Potentially helpful information: The metrizable abstract $\omega$-limit sets have a very nice topological characterization due to Bowen. Namely, a metrizable system $(X,f)$ is an abstract $\omega$-limit set if and only if it is chain transitive. [$(X,f)$ is chain transitive if for some (equivalently, any) metric $d$ on $X$, for any two points $x,y \in X$, and for any $\varepsilon > 0$, there is a sequence $x = x_0, x_1, x_2, \dots, x_n = y$ such that $d(f(x_i),x_{i+1}) < \varepsilon$ for all $i < n$. The idea here is that this sequence is a "pseudo-orbit" (with error $\varepsilon$) from $x$ to $y$.]

Also possibly relevant is the well-known topological fact that every compact metric space is a continuous image of the Cantor space.
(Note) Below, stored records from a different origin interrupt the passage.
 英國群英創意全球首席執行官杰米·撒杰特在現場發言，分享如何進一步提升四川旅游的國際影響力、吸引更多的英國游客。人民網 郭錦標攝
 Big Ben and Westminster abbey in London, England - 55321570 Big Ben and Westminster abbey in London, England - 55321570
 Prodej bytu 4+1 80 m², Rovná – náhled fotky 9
So if $(X,f)$ is a system providing a positive answer to my question, I suspect $X$ should be the Cantor space.

Answer 1

The answer is no, there is no universal $\omega$-limit set.
The same is true for the classes of metric minimal dynamical systems and metric dynamical systems in general. I have written up proofs of these facts:

http://www.math.uni-hamburg.de/home/geschke/papers/NoUniversalMetricOmegaLimitSet.pdf

The basic idea of the proof is as follows: as Will Brian already conjectured, it is enough to consider dynamical systems with 0-dimensional phase spaces. Now, if $(X,f)$ is a dynamical system with a 0-dimensional metric phase space $X$ and there is a morphism from $(X,f)$ onto a dynamical system $(Y,g)$ with $Y$ 0-dimensional, then the Boolean algebra of clopen subsets of $Y$ embeds into the algebra of clopen subsets of $X$ by an embedding that respects the dynamical systems. Since $X$ is metric, its Boolean algebra of clopen subsets is countable. Using Sturmian subshifts we can cook up enough metric minimal dynamical systems $(Y,g)$ (that are automatically abstract $\omega$-limit sets) so that not all the corresponding Boolean algebras (with actions on them) embed into a single countable Boolean algebra (with action), showing that there are no metric universal dynamical systems.

The most general result is this: There is no metric dynamical system that maps onto all Sturmian subshifts. The Sturmian subshifts are minimal and hence abstract $\omega$-limit sets. Here it doesn't make a difference whether we consider $\mathbb Z$-actions, i.e., compact spaces with a homeomorphism, or $\mathbb N$-actions, i.e., compact spaces with a continuous map as in the original question.